> **RECORDS PROVIDED**
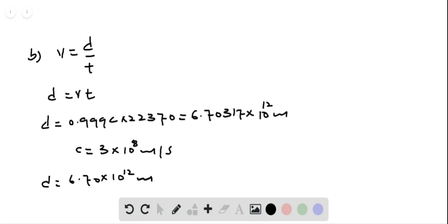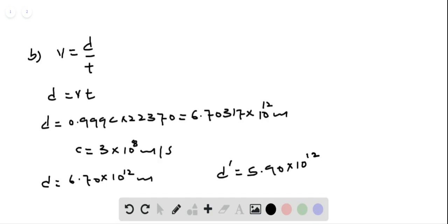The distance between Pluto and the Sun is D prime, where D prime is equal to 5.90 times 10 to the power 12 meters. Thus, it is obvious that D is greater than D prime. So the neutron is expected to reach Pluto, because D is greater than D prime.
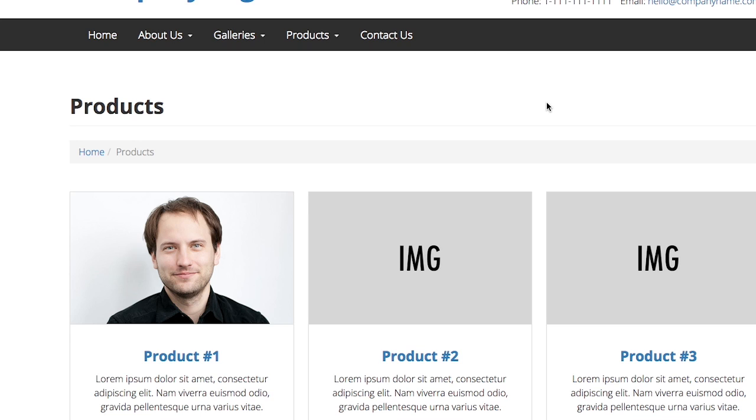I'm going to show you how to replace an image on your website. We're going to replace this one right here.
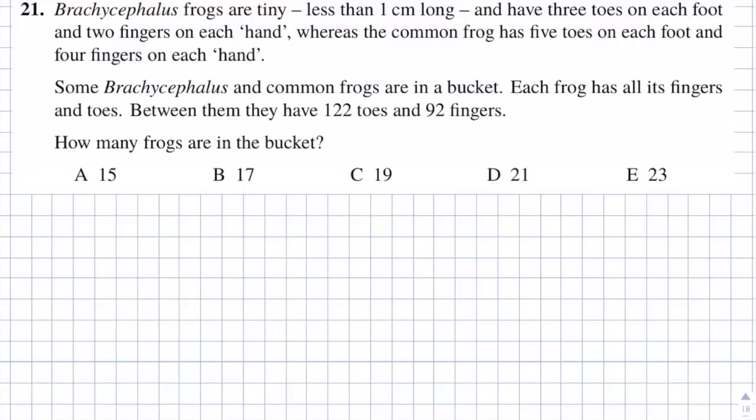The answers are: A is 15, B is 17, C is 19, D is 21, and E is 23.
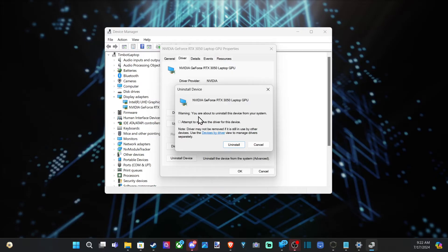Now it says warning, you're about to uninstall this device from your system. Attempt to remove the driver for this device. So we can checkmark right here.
...
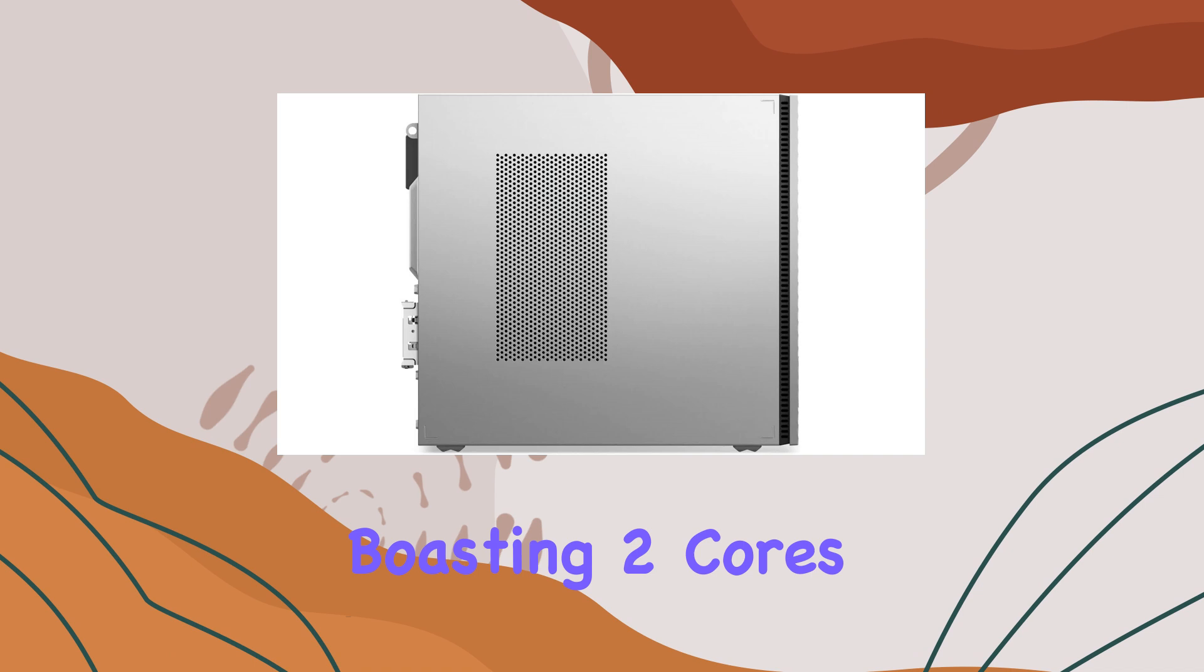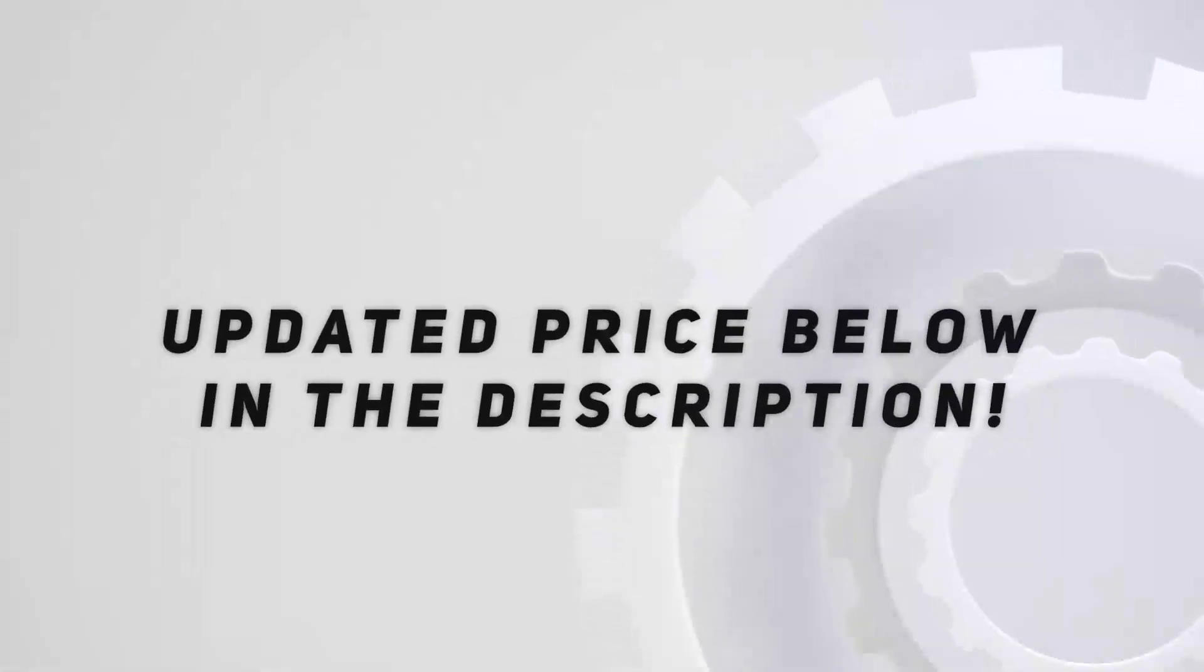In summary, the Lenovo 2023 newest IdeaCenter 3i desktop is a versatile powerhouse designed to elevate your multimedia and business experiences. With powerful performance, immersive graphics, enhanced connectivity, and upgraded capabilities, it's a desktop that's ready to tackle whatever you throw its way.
...
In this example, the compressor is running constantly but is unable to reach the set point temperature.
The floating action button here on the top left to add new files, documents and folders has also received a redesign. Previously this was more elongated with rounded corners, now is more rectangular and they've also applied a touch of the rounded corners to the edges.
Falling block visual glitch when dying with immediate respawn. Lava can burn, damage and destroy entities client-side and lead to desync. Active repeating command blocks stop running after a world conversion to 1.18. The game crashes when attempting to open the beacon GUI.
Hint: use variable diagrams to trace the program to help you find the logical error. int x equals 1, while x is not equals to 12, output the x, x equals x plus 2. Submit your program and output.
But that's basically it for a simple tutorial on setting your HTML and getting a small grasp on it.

> **EXERCISE DESCRIPTION**
While skipping the pictures, transcribe the data above from the line showing "The distance between" through the line showing "I'm going to", exactly and with both ends.

> **ANSWER AREA**
The distance between Pluto and the Sun is D prime, where D prime is equal to 5.90 times 10 to the power 12 meters. Thus, it is obvious that D is greater than D prime. So the neutron is expected to reach Pluto, because D is greater than D prime.
I'm going to show you how to replace an image on your website. We're going to replace this one right here.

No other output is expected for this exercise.